The most popular routes are the north-south crossing from Finse to Haukeli and the east-west crossing from Geilo to Liseth. Both routes take about a week, but can of course be extended or shortened if you are travelling independently with a tent.

Hardangervidda: Hiking and Trekking
Trekking and hiking are the most popular activities in the Hardangervidda.

In general, you should be prepared for the fact that the hikes can be quite strenuous. The hiking trails are mostly natural, so you have to be prepared for stony, swampy or similar unfamiliar trail conditions. As mentioned above, the Hardangervidda is a very popular destination for hikers, but due to its sheer size this is not really noticeable and you are often travelling alone.


If you are looking for truly authentic arctic conditions, you should take a trip to Hardangerjøkul. The glacier is over 1,860 metres high at its highest point – making it the sixth largest glacier in Norway – and attracts visitors with its icy temperatures and conditions. It is located at the north-western end of Hardangervidda and is its highest point.

Anyone planning a trip around or up Hardangerjøkul should choose Finse railway station as their starting point. At 1,222.2 metres, Finse is the highest railway station in northern Europe and is located on the northern edge of Hardangervidda, very close to the glacier. Hiking trails and guided tours (trekking, climbing, skiing) start from here.

Hardangervidda: Hardangerjøkul
The Hardangerjøkul glacier rises on the northern edge of Hardangervidda.


Vøringsfossen is a spectacular waterfall with a drop of 182 metres from the western edge of Hardangervidda near Eidfjord. It is one of the most famous and popular waterfalls in Norway and is therefore also a popular hiking destination. The hike to Vøringsfossen goes through an impressive river valley on the edge of Hardangervidda and doesn’t take too long, although it is a little more challenging.

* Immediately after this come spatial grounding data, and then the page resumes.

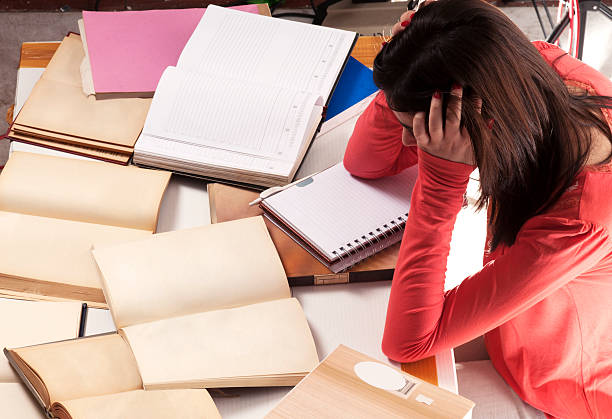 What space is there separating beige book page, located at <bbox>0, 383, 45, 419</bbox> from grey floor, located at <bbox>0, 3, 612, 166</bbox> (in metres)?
1.69

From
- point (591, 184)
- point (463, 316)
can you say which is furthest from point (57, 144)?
point (591, 184)

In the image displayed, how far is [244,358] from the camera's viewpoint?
0.87 meters

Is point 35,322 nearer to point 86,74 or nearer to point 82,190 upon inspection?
point 82,190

Hardangervidda: Vøringsfossen
The spectacular Vøringsfossen is located on the western edge of the Hardangervidda.

Hardangervidda: Accommodation

Hardangervidda: Camping

As in the whole of Norway, the Hardangervidda is also subject to the right of public access, which allows camping in the great outdoors in Norway. So you can simply pitch your tent as you wish and plan. However, you should take care to keep your distance from other campers and hikers’ cabins so that you don’t disturb anyone. Of course, you should also leave your campsite as you found it. You can find things that you should definitely not forget for a camping trip in the wild on our packing list for wild camping in Sweden.

Hardangervidda: Camping
The Everyman’s Right allows wild camping in the Hardangervidda.

If you are only planning day trips in the Hardangervidda or are not yet confident enough to camp in the wild, you can also stay at one of the campsites in the towns around the Hardangervidda, for example in Kinsarvik or Eidfjord.

Hikers’ cabins in the Hardangervidda

An alternative to wild camping in the Hardangervidda are the huts of the Norwegian Trekking Association (DNT). These can be found in large numbers on the plateau and are either self-catering (some with a stocked larder) or catered with full board. Before travelling, you should find out about reservations, opening times and prices and prepare accordingly. For the self-catering huts you need a DNT key, which you can only buy or borrow as a DNT member.

Hardangervidda: Huts
The Norwegian Trekking Association’s huts are available for overnight stays.

Travelling to Hardangervidda

Travelling by plane

If you want to travel to Norway comfortably by plane, you should head for Bergen. The airport there is the second largest airport in Norway and is served by flights from all over Europe. Alternatively, you can also make a stopover in Oslo, Stockholm or Copenhagen.

It takes two to three hours by car from Bergen to Hardangervidda, so a hire car is recommended. Alternatively, you can continue your journey by Bergen Railway or bus; the towns around Hardangervidda are very well connected by public transport.